Segment Start: Data segment
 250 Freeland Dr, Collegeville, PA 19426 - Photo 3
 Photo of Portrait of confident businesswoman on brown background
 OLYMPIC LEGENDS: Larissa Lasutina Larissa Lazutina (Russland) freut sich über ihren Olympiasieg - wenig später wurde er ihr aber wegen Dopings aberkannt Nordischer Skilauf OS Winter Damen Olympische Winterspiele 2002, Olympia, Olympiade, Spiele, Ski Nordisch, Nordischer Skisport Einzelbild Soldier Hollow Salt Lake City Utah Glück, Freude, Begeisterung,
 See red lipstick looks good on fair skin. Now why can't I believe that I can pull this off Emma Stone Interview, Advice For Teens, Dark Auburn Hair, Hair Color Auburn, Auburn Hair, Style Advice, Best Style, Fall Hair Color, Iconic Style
Segment End: Data segment
Action item: Look above for the line with "Photo of Portrait" and the line with "OLYMPIC LEGENDS: Larissa". Retype those two lines and every line between them exactly, adding nothing.

Finished task:
 Photo of Portrait of confident businesswoman on brown background
 OLYMPIC LEGENDS: Larissa Lasutina Larissa Lazutina (Russland) freut sich über ihren Olympiasieg - wenig später wurde er ihr aber wegen Dopings aberkannt Nordischer Skilauf OS Winter Damen Olympische Winterspiele 2002, Olympia, Olympiade, Spiele, Ski Nordisch, Nordischer Skisport Einzelbild Soldier Hollow Salt Lake City Utah Glück, Freude, Begeisterung,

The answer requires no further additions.